This physiology may explain what we mean by flavor—but anatomy doesn't much help us understand what we like. Our flavor preferences take shape over a lifetime, beginning while we are still in the womb. Babies whose mothers consume garlic while pregnant are more likely to enjoy the flavor of garlic in breast milk. Pregnant women who drink carrot juice are more likely to have kids who like carrots. The evolutionary justification is simple enough: If Mom ate it, it's safe.

Indeed, we use our friends and loved ones in much the same way that medieval monarchs used food tasters—let them try it first, then let's see how they are doing in 20 minutes. The principle holds all the way down the food chain. Rats hate the taste of cocoa, yet some enterprising scientists recently separated a rat from its brood and coaxed it to eat some anyway. The rat then returned to its group.

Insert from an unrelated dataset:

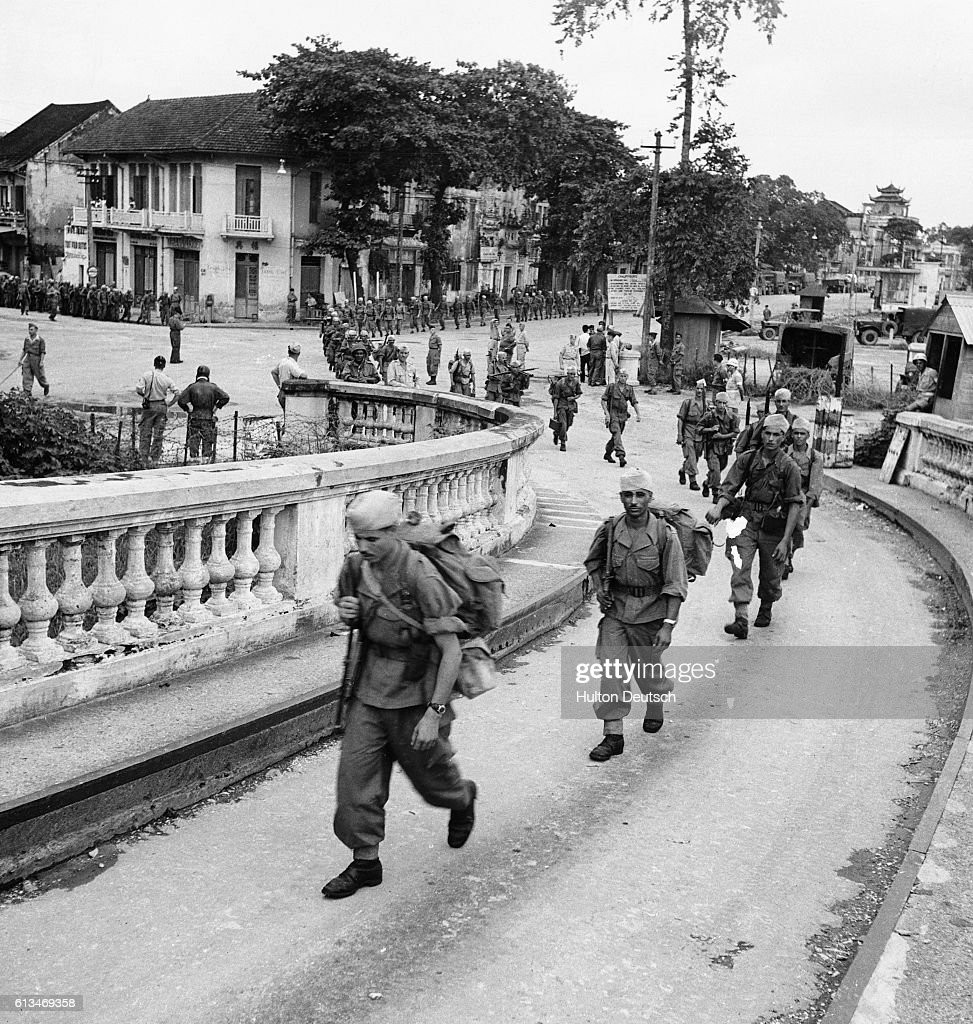 Quân Pháp triệt thoái khỏi Hà Nội theo ngả cầu Long Biên, ngày  giải phóng Thủ đô 10/10/1954. Ảnh: Getty Images.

When the other rats smelled the cocoa on its breath, they changed their minds and suddenly couldn't get enough cocoa.

Children are harder to convince—they have to try an unfamiliar food about nine times, on average, before they begin to like the taste. As any parent will attest, so much of the eventual enjoyment rests on how well Mom and Dad sell it. Moreover, the same holds true for adults, as decades of increasingly sophisticated food-marketing campaigns have demonstrated.

The environment sends many cues about how food should taste. In one experiment, researchers connected volunteers' tongues to a low-voltage electrical device, showed them pictures of food items and then sent a mild shock across their taste buds—a sensation not unlike licking a battery. The shock was supposed to impart a neutral taste. Asked afterward to rate how pleasurable the shock was, those volunteers who saw photographs of sweet or fatty foods rated the stimulus far more pleasurable than those who saw a low-calorie food.

The visual and auditory triggers can be so obvious as to appear comical. Potato chips taste crisper if you hear a crunch over headphones. White wine with a drop of red food coloring tastes like red wine—even to experienced wine tasters. People will eat less food off of a red plate. A block of cheese with sharp edges tastes sharper than one with round corners.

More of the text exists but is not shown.